Из соседней комнаты теперь явственно доносился ворчливый голос доктора Флаухера. За его столом шумно спорили о Бисмарке, об особых правах Баварского эмиссионного банка, о причинах смерти только что извлеченного из гробницы египетского царя Тутанхамона, о качестве пива завода "Шпатенбрей", о транспортной политике советской России, о зобе - природной болезни местного населения, об экспрессионизме, о достоинствах кухни ресторана у Штарнбергского озера. Снова и снова разговор возвращался к автопортрету Анны-Элизабет Гайдер. Из галереи Новодного просачивались слухи о том, что портрет продан в Мюнхен лицу с видным общественным положением; продан за круглую сумму. Кому именно - оставалось неизвестным. Высказывали предположение, что барону Рейндлю, крупному промышленнику. Спорили о достоинствах картины. Писатель Маттеи собирался в следующем номере своего журнала поместить стихотворение, о котором вчера говорил Гессрейтеру. Оно в голове его уже было готово. Он прочел вслух звучные, сальные строфы, полные яда. Из-за стекол пенсне этот человек с исполосованным сабельными рубцами лицом следил, словно жадный пес, за производимым его стихами впечатлением. За столом раскатисто хохотали, пили за его здоровье. Он сидел откинувшись, держа трубку в зубах, сытый, удовлетворенный. Но другой писатель, доктор Пфистерер, также непременный член этого общества, нашел стихотворение циничным. По его мнению, Анна-Элизабет Гайдер, если бы только ее так не травили, сама вернулась бы к здравому смыслу. Доктор Пфистерер, так же как и доктор Лоренц Маттеи, носил серую куртку и также писал длинные рассказы о жизни в баварских горах, создавшие ему широкую популярность во всей Германии. Его его рассказы были оптимистичны, трогали душу, возвышали; он верил в доброе начало в людях, за исключением разве только Маттеи, которого ненавидел. Они сидели друг против друга, эти два баварских писателя, с багровыми лицами, и мерили друг друга из-за стекол пенсне взглядами своих узких глазок. Неуклюжий, с исполосованным рубцами лицом держал голову наклоненной, другой - беспомощно и взволнованно выставлял вперед седеющую рыжую бороду.

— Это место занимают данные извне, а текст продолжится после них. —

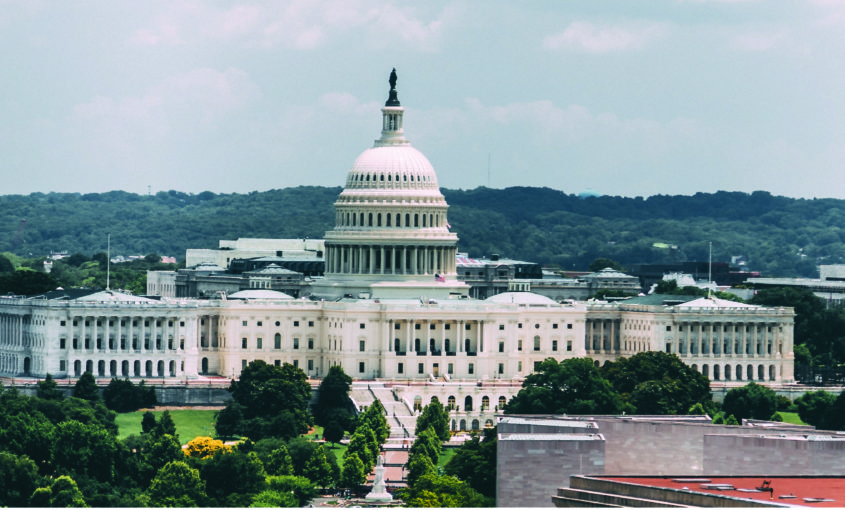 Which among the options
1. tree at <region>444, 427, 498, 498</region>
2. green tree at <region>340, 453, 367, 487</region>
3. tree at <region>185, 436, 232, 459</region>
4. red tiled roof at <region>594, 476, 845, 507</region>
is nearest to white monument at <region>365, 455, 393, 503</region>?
green tree at <region>340, 453, 367, 487</region>

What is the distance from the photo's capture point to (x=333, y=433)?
191 metres

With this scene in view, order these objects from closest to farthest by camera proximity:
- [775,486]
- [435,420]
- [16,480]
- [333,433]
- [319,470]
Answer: [775,486] < [16,480] < [319,470] < [333,433] < [435,420]

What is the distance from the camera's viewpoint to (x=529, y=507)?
393 feet

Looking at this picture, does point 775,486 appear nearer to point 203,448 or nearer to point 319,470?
point 319,470

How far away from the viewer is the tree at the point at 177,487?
147 metres

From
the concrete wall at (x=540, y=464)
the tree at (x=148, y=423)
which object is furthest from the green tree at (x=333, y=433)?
the concrete wall at (x=540, y=464)

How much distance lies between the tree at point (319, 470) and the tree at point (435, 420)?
2374 cm

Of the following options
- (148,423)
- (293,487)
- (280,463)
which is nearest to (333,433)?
(148,423)

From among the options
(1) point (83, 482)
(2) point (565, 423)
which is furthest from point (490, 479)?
(1) point (83, 482)

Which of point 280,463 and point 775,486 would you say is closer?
point 775,486

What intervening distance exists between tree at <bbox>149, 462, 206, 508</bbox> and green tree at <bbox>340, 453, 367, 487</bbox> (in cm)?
1456

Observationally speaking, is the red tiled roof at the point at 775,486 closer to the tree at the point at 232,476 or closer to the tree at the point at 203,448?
the tree at the point at 232,476

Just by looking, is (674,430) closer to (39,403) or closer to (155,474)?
(155,474)

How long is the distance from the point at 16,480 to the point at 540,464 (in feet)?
135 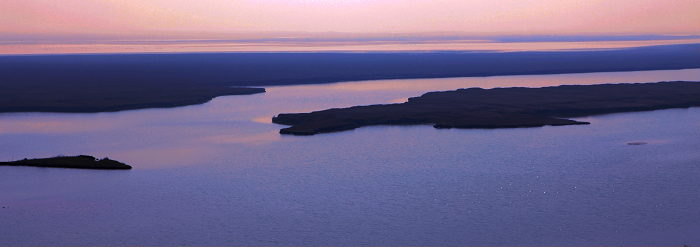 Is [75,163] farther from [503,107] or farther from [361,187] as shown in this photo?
[503,107]

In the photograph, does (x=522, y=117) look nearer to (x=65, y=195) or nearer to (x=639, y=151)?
(x=639, y=151)

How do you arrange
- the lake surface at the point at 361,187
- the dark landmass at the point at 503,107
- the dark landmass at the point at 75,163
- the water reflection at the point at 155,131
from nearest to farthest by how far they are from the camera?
the lake surface at the point at 361,187 → the dark landmass at the point at 75,163 → the water reflection at the point at 155,131 → the dark landmass at the point at 503,107

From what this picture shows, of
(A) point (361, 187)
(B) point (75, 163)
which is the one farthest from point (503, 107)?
(B) point (75, 163)

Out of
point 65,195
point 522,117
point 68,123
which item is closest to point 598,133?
point 522,117

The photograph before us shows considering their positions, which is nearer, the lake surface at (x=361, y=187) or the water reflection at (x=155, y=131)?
the lake surface at (x=361, y=187)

Все кричали, перебивая друг друга. Победителем в этом крике оказался в конце концов, несмотря на то, что он не был особенно громким, голос профессора Бальтазара фон Остернахера. С гибкой, настойчивой изысканностью заглушая все остальные голоса, ратовал он против умершей девушки. Кто посмеет сказать, что он не революционер? Не стоял ли он всегда за безусловную свободу в искусстве, даже и в изображении эротического? Но такая живопись представляла собой вполне определенный физиологический процесс: это был акт самоудовлетворения неудовлетворенной женщины, не имевший ничего общего с искусством.

Кельнерша Ценци, прислонясь к буфету, слушала и с беспокойством видела, что профессор Остернахер в пылу увлечения дает остыть своим сосискам. Она отлично разбиралась в политических взглядах своих клиентов. Ей многое приходилось слышать. Не бог весть как трудно было сопоставлять одно с другим. Она могла бы вскрыть подноготную многих событий в области политики, хозяйства и искусства. Она знала, почему так горячился профессор Остернахер, так что стоявшие перед ним сосиски успевали остыть.

Большой человек этот профессор, знаток истории искусства, знаменитый и высоко оплачиваемый, особенно по ту сторону океана. Приезжие, когда она называла им его имя, с любопытством и уважением поглядывали на него. Но кассирша Ценци хорошо помнила его искаженное лицо, когда однажды кто-то из прихвостней профессора донес ему, что Крюгер отозвался о нем как о "способном декораторе". Она прекрасно понимала, что факт покупки пропагандируемой этим Крюгером картины, да еще мюнхенцем, да еще за высокую цену, он принял за личное оскорбление. Ценци знала его лучше, чем знали его даже жена и дочь. Да, он действительно когда-то был революционером в своей манере письма. Но он застыл в этой манере, а мода на нее оказалась преходящей. Он постарел и, когда ему казалось, что никто не наблюдает за ним, - Ценци знала это, - по-стариковски горбился. Ценци хорошо угадывала его настроение, когда он бранился. Ведь это он, собственно, не на других нападал, а его кололо, злило, мучило собственное крушение. В таких случаях она особенно мягко, по-матерински обращалась с ним и успокаивала его до тех пор, пока, охрипший от злобных выкриков, он не принимался за остывшие сосиски.